Kültür ve Turizm Bakanlığı’nın “Kamu Taşınmazlarının Turizm Yatırımlarına Tahsisi Hakkında Yönetmelik”te yaptığı değişiklikle kıyılardaki ormanlık alanların turizme açılmasının önü açıldı. Resmî Gazete’nin 2 Temmuz 2025 tarihli sayısında yayımlanan düzenlemeye göre, kıyı kenar çizgisinin deniz tarafında yer alan ormanlık alanlar da turizm yatırımları için tahsis edilebilecek. Yönetmeliğin “Ek Alan Tahsisi” başlıklı 12. maddesine eklenen fıkrada, “Bakanlığa tasarruf hakkı verilen orman alanlarından kıyı kenar çizgisinin deniz tarafında kalan alanlar, kamu kullanımına açık olmak şartıyla, kullanma izni verilmek suretiyle tahsis sınırları içerisine dahil edilebilir.” ifadesi yer aldı.

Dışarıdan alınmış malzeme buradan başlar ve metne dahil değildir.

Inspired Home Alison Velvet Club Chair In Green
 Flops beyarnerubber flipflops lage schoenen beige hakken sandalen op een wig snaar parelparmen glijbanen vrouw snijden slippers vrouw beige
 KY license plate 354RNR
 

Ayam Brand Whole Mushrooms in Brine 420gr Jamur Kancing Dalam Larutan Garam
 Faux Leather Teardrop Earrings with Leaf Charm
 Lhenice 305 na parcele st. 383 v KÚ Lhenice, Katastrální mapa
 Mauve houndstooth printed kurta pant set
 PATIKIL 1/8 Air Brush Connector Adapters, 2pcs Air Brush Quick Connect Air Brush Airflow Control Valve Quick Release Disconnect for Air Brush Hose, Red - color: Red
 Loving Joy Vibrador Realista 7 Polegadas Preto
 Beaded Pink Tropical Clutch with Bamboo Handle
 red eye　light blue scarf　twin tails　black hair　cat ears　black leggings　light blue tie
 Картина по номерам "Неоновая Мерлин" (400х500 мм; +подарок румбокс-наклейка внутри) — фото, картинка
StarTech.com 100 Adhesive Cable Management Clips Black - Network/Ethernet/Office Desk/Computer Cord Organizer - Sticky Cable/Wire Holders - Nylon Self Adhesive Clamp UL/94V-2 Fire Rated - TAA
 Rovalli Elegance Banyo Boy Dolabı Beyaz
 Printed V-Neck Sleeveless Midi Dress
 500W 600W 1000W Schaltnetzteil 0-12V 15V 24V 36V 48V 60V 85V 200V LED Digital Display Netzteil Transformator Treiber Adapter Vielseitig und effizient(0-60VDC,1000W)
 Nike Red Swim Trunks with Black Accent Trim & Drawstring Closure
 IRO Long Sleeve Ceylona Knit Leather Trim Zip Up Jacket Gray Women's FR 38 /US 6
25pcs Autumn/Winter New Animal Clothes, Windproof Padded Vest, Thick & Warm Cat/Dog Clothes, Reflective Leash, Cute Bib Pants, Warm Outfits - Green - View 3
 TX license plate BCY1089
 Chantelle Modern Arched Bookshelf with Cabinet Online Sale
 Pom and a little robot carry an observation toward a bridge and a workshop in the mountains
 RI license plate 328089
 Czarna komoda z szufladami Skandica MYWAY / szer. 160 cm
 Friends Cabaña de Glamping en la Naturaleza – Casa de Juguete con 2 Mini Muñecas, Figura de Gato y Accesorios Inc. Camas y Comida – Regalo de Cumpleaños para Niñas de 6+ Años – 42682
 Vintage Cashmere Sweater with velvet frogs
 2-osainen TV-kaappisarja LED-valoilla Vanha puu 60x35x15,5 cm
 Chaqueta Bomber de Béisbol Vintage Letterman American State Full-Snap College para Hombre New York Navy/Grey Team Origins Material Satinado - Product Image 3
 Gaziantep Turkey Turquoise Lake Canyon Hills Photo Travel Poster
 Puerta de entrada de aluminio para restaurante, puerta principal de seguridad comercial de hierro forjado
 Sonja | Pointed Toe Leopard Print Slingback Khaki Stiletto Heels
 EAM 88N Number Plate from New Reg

“EKOLOJİK VE TOPLUMSAL KAYIPLAR…”
Çevre Mühendisleri Odası İstanbul Şube Başkanı Zeynep Gül Karamanlı, Resmî Gazete’de yayımlanan yönetmelik değişikliği ile kıyıdaki ormanlık alanların turizm yatırımlarına açılmasını değerlendirdi. Karamanlı, bu düzenlemenin doğal koruma alanlarının turizm faaliyetlerine tahsis edilmesinin önünü açarak kıyı ekosistemleri ve orman habitatlarını ciddi risk altına soktuğunu belirtti. Ormanların yapılaşmaya açılmasının yangın riskini artıracağı, biyoçeşitliliği tehdit edeceği ve doğal karbon yutaklarını zayıflatacağına dikkat çekti.
İklim değişikliğinin etkilerinin arttığı, orman yangınlarının geniş alanları, doğal yaşamı ve yerleşimleri ciddi biçimde etkilediği günümüzde; kamu yararı ve çevre koruma ilkeleri yerine turizm yatırımlarına öncelik verildiğini söyleyen Karamanlı, orman alanlarının kıyı kesimlerinin turizm yatırımlarına açılmasının uzun vadeli ekolojik ve toplumsal kayıplara yol açacağını vurguladı.
Karamanlı, kamuya açık olma şartı getirilse de pratikte bu tür tahsislerin çoğunlukla özel işletmelerin kontrolünde sınırlandırılmış alanlar haline geldiğine dikkat çekerek, “Kıyıların özel kullanıma konu edilmesi Kıyı Kanununun 6’ncı maddesinde bulunan kıyılardan herkesin eşitlik ve serbestlikle yararlanmasına açık olması şartını fiilen ortadan kaldırabilir.” dedi.
“ANAYASA’YA AYKIRI, İPTAL EDİLMELİ”
Kıyı Hareketleri Dayanışma Ağı da yönetmelik değişikliği ile ilgili açıklama yaptı. Değişiklikle kamu yararının gözetilmediği belirtilirken şu ifadelere yer verildi: “Çevrili ve iç denizleri, iç sulak alanları ile su zengini Türkiye'nin tüm kıyıları hızla sermayeye teslim ediliyor. Anayasa ve Kıyı Kanunu açıkça yok sayılarak, kıyı canlılığı yok ediliyor. Tarihi varlıklar ortadan kaldırılıyor, denize ve kıyılara ulaşım kısıtlanarak, yoksulluğun derinleştiği bir ekonomik kriz ortamında, kıyılar özel mülkleştirme uygulamalarıyla soylulaştırılıyor. Anayasa ve Kıyı Kanunu, kimi eksikliklerine rağmen, kıyılarla ilgili önemli bir koruyucu güvence sunuyor. Anayasa 43. Madde, Kıyı Kanunu 5. ve 6. Maddeleri başta olmak üzere, kıyıların kullanımında kamu yararının öncelikli olduğu, kıyılara erişimin kısıtlanamayacağı, kıyıların çitlenemeyeceğini ortaya konuyor. Kamuya da alan açılıyormuş gibi yansıtılan bu madde ile, artık tüm kıyılardaki özel mülkleştirme yasal hale getirilmeye çalışılıyor.”